# SparkSQL Opeartions

## Description

SparkSQL is all about working with structured data. It extends RDD to a "DataFrame" object.

Characteristics of DataFrames:
* Contain Row objects
* Can run SQL squeries
* Has a schema (leading to more efficient storage)
* Read and write to JSON, Hive, parquet
* Communicates with JDBC/ODBC, tableau

# Datasets

* A DataFrame is really just a DataSet of row objects, i.e., `(DataSet[Row])`.

* DataSet can explicitly wrap a given struct or type, i.e., `(DataSet[Person], DataSet[(String, Double)])`
  * It knows what its columns are from the get-to.
* DataFrames schema is inferred at runtine; but a DataSet can be inferred at compile time.
  * Faster detection of errors, and better optimization.
* RDDs can be converted to DataSets with `.toDS()` method.

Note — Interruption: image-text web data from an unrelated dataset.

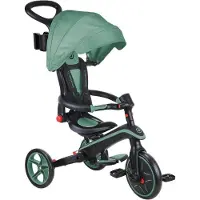 Globber Driewieler - Globber Trike Foldable 4in1 Olive - groen - 4in1 converteerbaar loopfiets en driewieler - met duwstang - 10 maanden tot 5 jaar Driewieler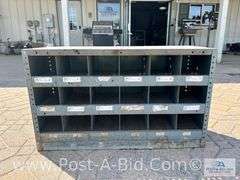 Bolt Bins 36" W x 12" D x 21" T.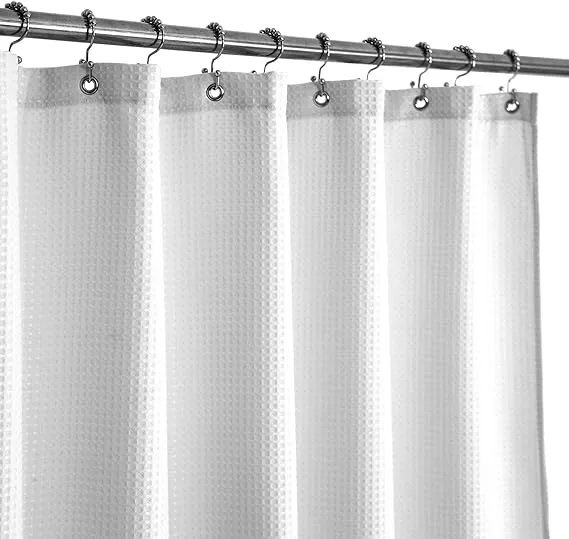 Barossa Design Fabric Waffle Weave Shower Curtain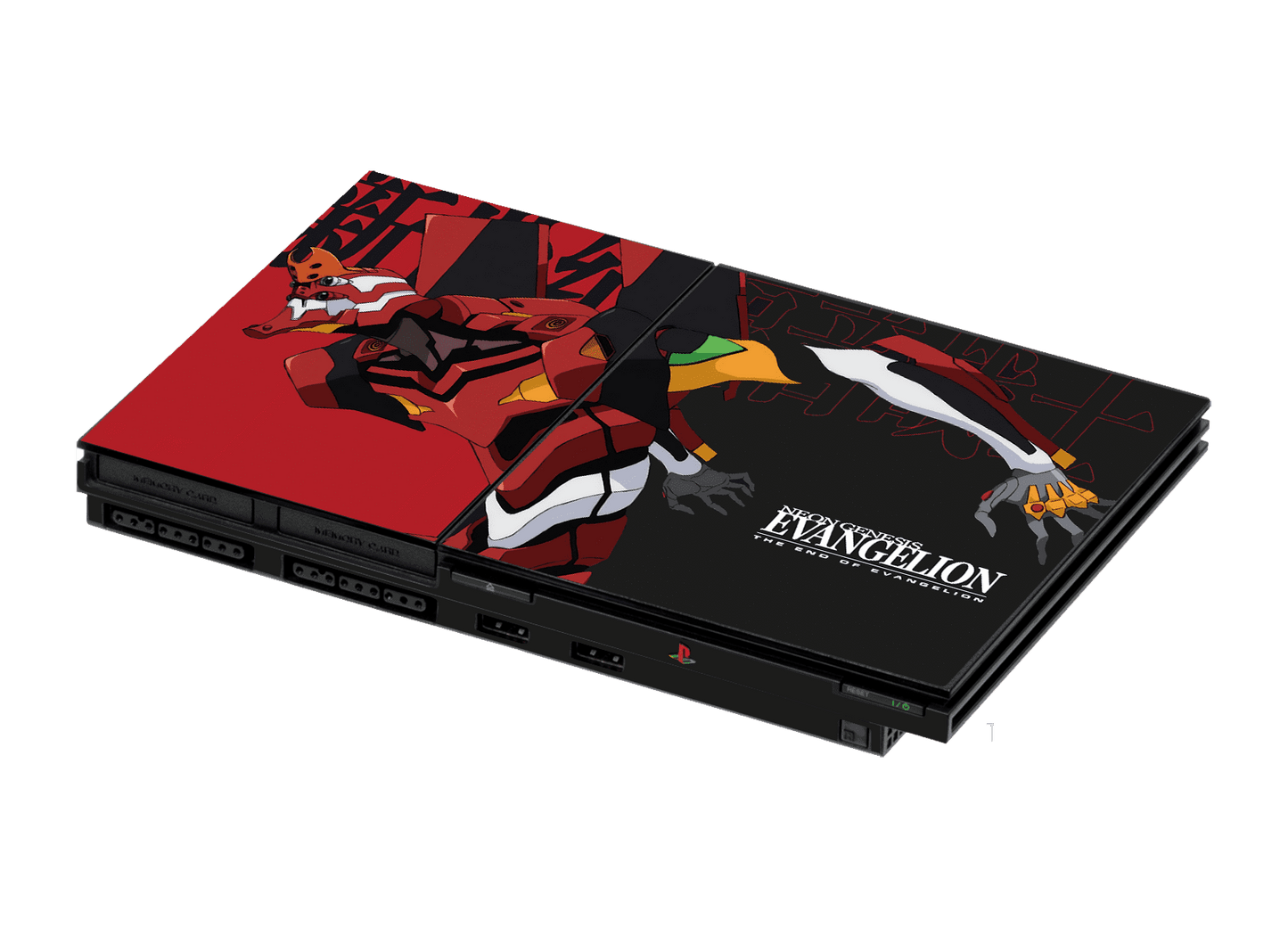 Evangelion Eva-02 PS2 Slim (2014) Bundle Skin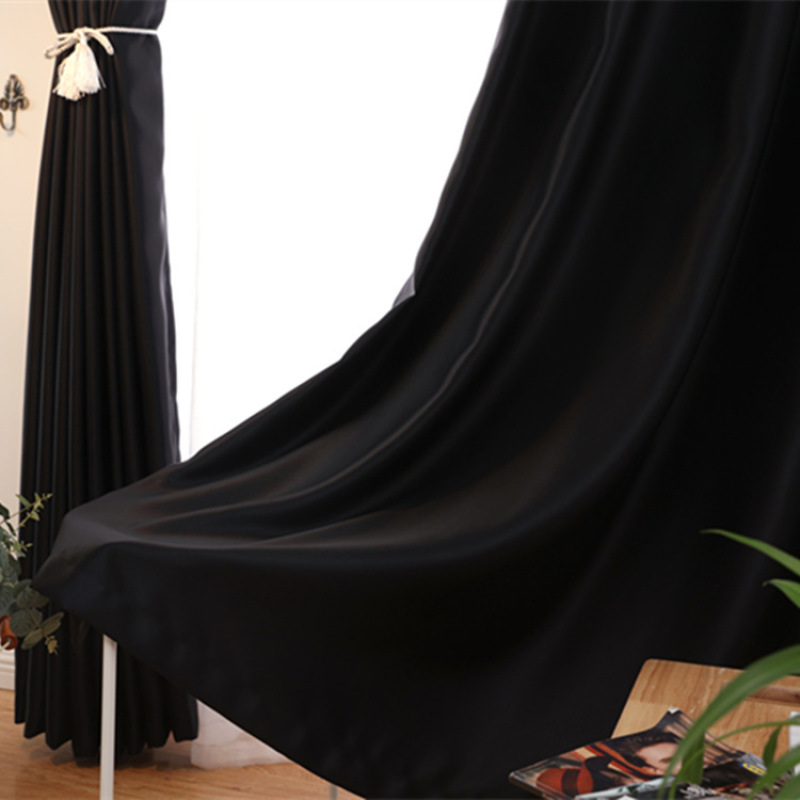 Made in china hot selling classic solid sunproof fabric 3 pass waterproof fabric blackout curtain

## Datasets are the new hotness
* The trend in Spark is to use RDDs less, and DataSets more.
* DataSets are more efficient
   * They can be serialized very efficiently - even better than Kryo.
   * Optimal execution plans can be determined at compile time.
* DataSets allow for better interoperability.
   * MLLib and Spark Streaming are moving toward using DataSets instead of RDDs for their primary API.
* DataSets simplify development
   * You can perform most SQL operations on a dataset with one line.

# Using SparkSQL in Scala

In Spark 2.0.0, you create a `SparkSession` object instead of a `SparkContext` when using SparkSQL/DataSets.
  * You can get a `SparkContext` from this session, and use it to issue SQL queries on your datasets!
  * Stop the session when you are done.
  
Example of methods with Dataframes:
  * `df.show()`: Shows the first several rows.
  * `df.select("someFieldName")`: Show a specific column.
  * `df.filter(df("someFieldName")>200)`: Slice the dataframe according to some filter criteria.
  * `df.groupBy(df("someFieldName")).mean()`: Take a groupby of some column and take the mean of it.
  * `df.rdd().map(mapperFunc)`: Map values based on some function.

In [1]:
spark

Intitializing Scala interpreter ...

Spark Web UI available at http://192.168.1.19:4040
SparkContext available as 'sc' (version = 2.4.5, master = local[*], app id = local-1589311717979)
SparkSession available as 'spark'


res0: org.apache.spark.sql.SparkSession = org.apache.spark.sql.SparkSession@19a96a5a


There are many ways to create a dataframe.

# Constructing DataFrame

## Method 1: RDD 

In [2]:
// Infer the schema, and register the DataSet as a table.
import spark.implicits._

import spark.implicits._


In [3]:
val rdd = {sc.parallelize(
                 Seq(
                     ("John", 19),
                     ("Smith", 23),
                     ("Sarah", 18)
                 )
              )
            }

rdd: org.apache.spark.rdd.RDD[(String, Int)] = ParallelCollectionRDD[0] at parallelize at <console>:28


In [4]:
val df = spark.createDataFrame(rdd)

df: org.apache.spark.sql.DataFrame = [_1: string, _2: int]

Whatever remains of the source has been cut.